Pictures with short captions:

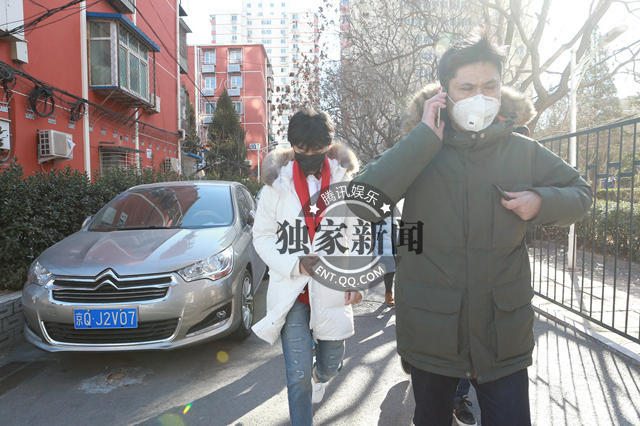 王俊凯现身北电参加艺考 遭媒体粉丝围堵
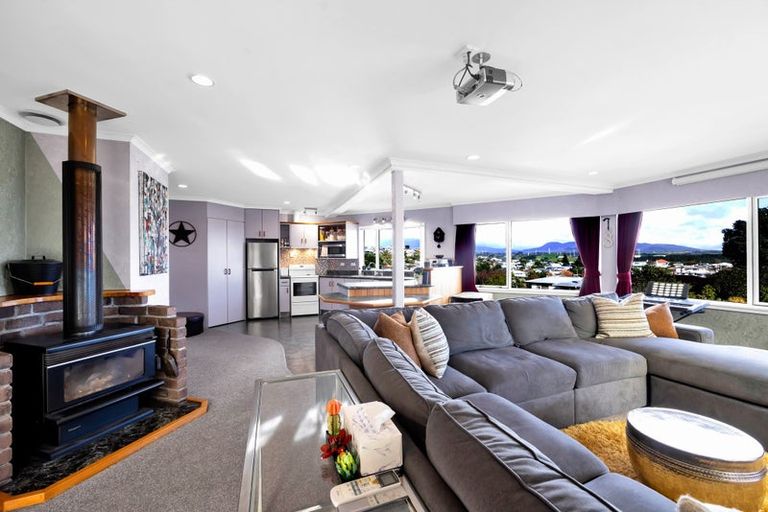 Photo of property in 5 Scott Street, Moturoa, New Plymouth, 4310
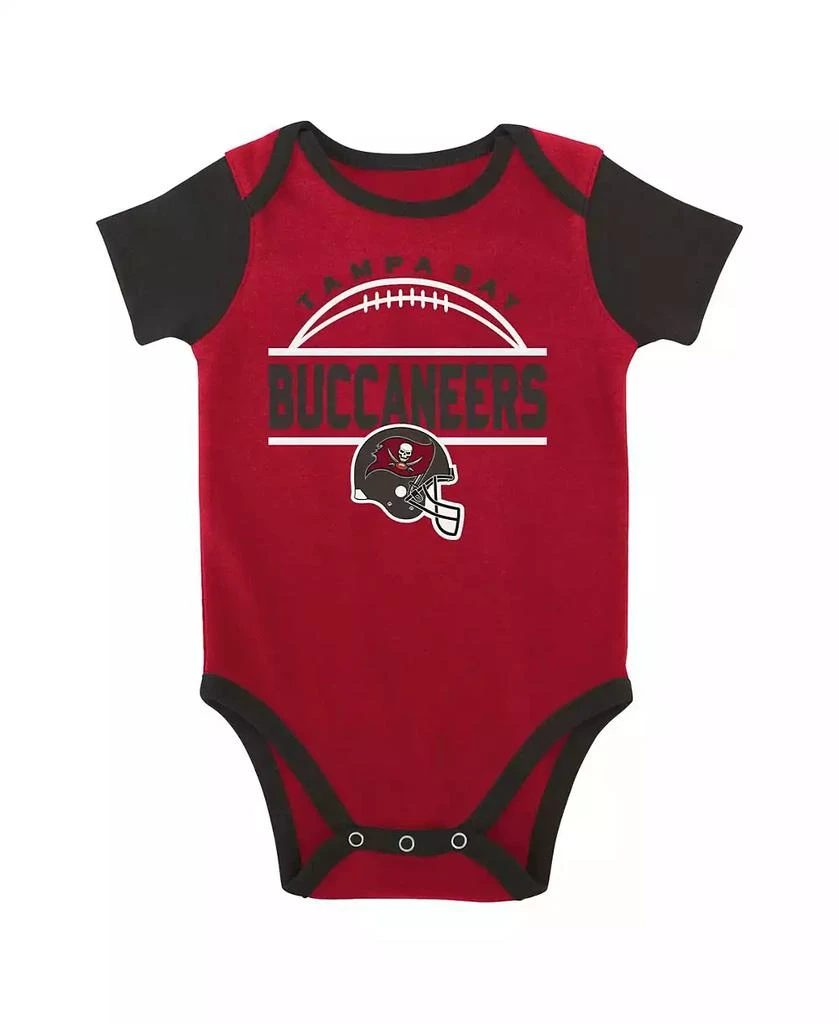 商品Outerstuff|Baby Boys and Girls Red, Pewter Tampa Bay Buccaneers Home Field Advantage Three-Piece Bodysuit, Bib and Booties Set,价格¥240,第2张图片详细描述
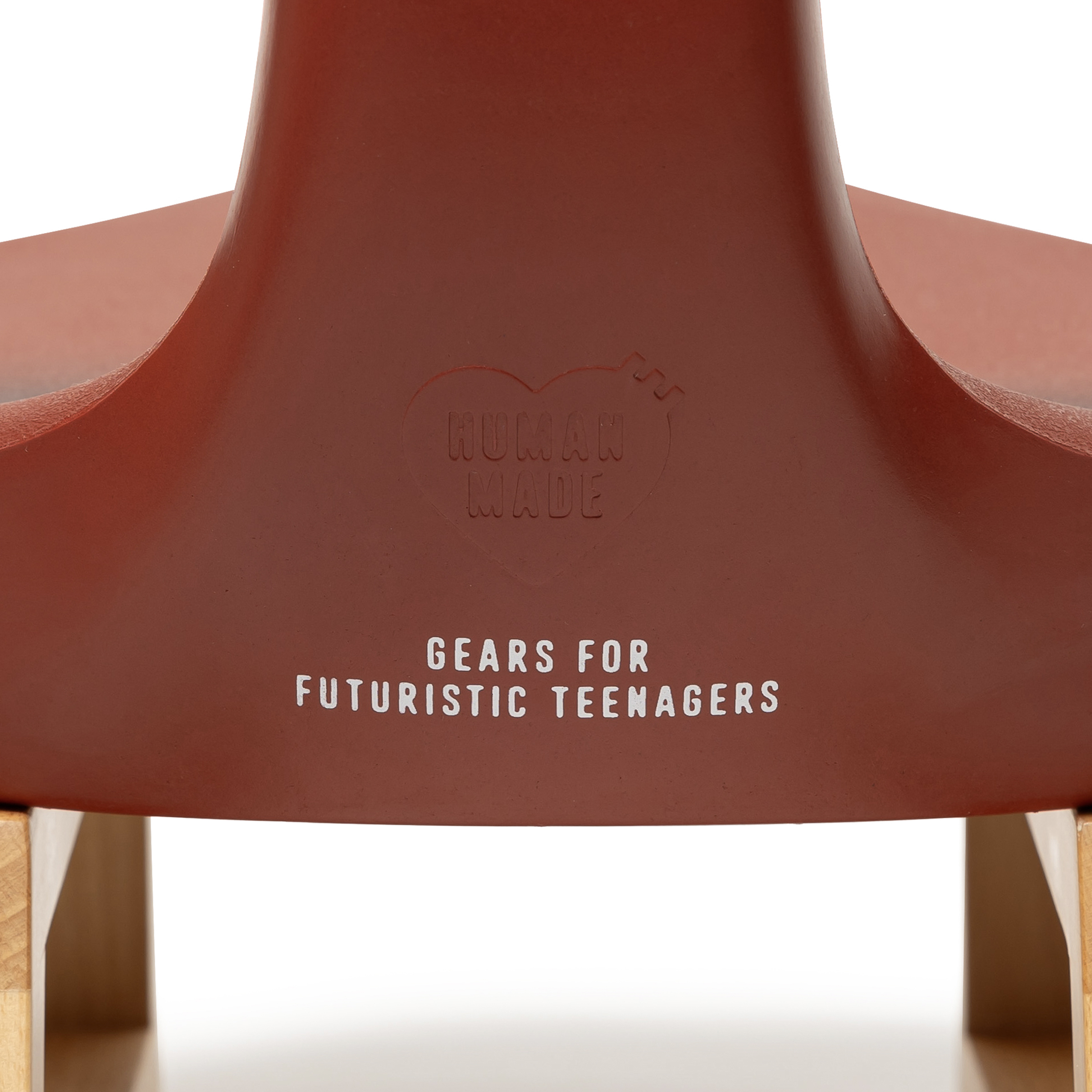 ヒューマン メイド × アーユル・チェアー「あぐらイス」限定色を発売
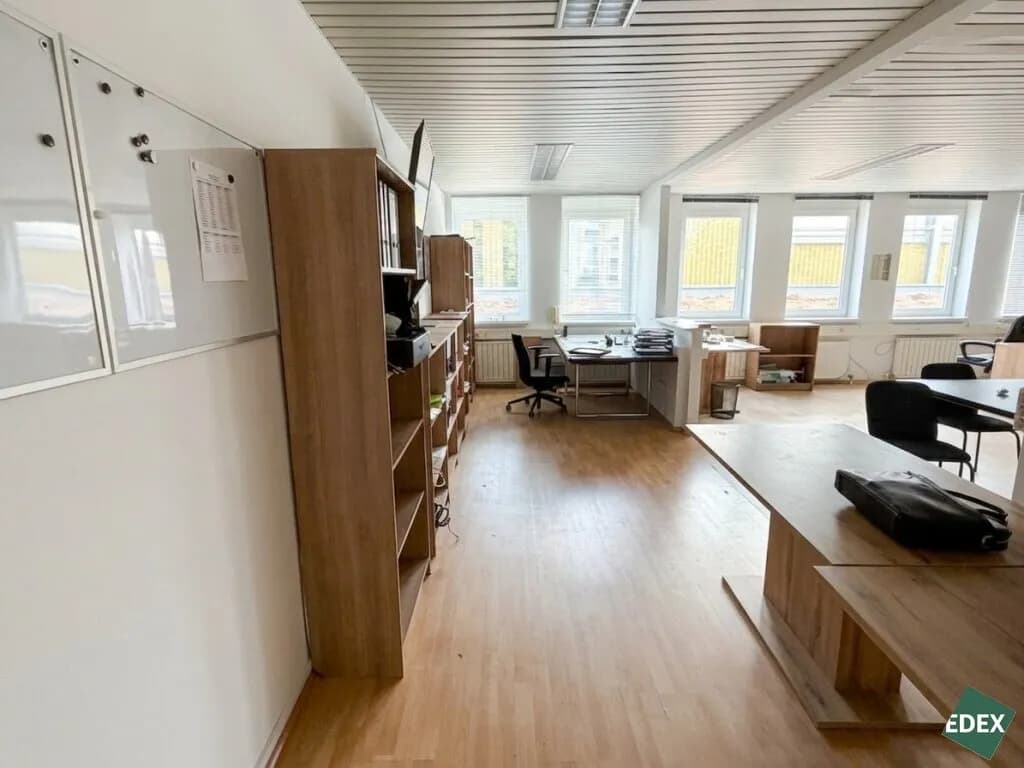 1-Zimmer-Gewerbeimmobilie mieten in Wien – 19 m², € 350 – Bild 2 von 4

*EXERCISE*: Output exactly the lines from the one that has "商品Outerstuff|Baby Boys and" through the end of the data. Do not include pictures.

*TASK RESPONSE*:
 商品Outerstuff|Baby Boys and Girls Red, Pewter Tampa Bay Buccaneers Home Field Advantage Three-Piece Bodysuit, Bib and Booties Set,价格¥240,第2张图片详细描述
 ヒューマン メイド × アーユル・チェアー「あぐらイス」限定色を発売
 1-Zimmer-Gewerbeimmobilie mieten in Wien – 19 m², € 350 – Bild 2 von 4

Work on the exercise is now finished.